== TASK INPUTS ==
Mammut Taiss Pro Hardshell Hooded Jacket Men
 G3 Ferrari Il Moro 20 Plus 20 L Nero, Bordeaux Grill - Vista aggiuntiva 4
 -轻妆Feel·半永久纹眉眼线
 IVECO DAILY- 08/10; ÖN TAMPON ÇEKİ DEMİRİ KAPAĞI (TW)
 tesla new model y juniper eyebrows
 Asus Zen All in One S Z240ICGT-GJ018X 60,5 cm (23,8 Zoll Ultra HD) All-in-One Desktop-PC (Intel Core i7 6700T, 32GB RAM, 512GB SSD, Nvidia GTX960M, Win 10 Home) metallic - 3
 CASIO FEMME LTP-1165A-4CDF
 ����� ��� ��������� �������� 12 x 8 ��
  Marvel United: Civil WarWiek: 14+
===
■ WHAT IS REQUIRED ■
Set the lines down exactly as they stand, beginning at the one that contains "tesla new model y juniper eyebrows" and stopping after the last line of the entries above.

■ EXERCISE ANSWER ■
 tesla new model y juniper eyebrows
 Asus Zen All in One S Z240ICGT-GJ018X 60,5 cm (23,8 Zoll Ultra HD) All-in-One Desktop-PC (Intel Core i7 6700T, 32GB RAM, 512GB SSD, Nvidia GTX960M, Win 10 Home) metallic - 3
 CASIO FEMME LTP-1165A-4CDF
 ����� ��� ��������� �������� 12 x 8 ��
  Marvel United: Civil WarWiek: 14+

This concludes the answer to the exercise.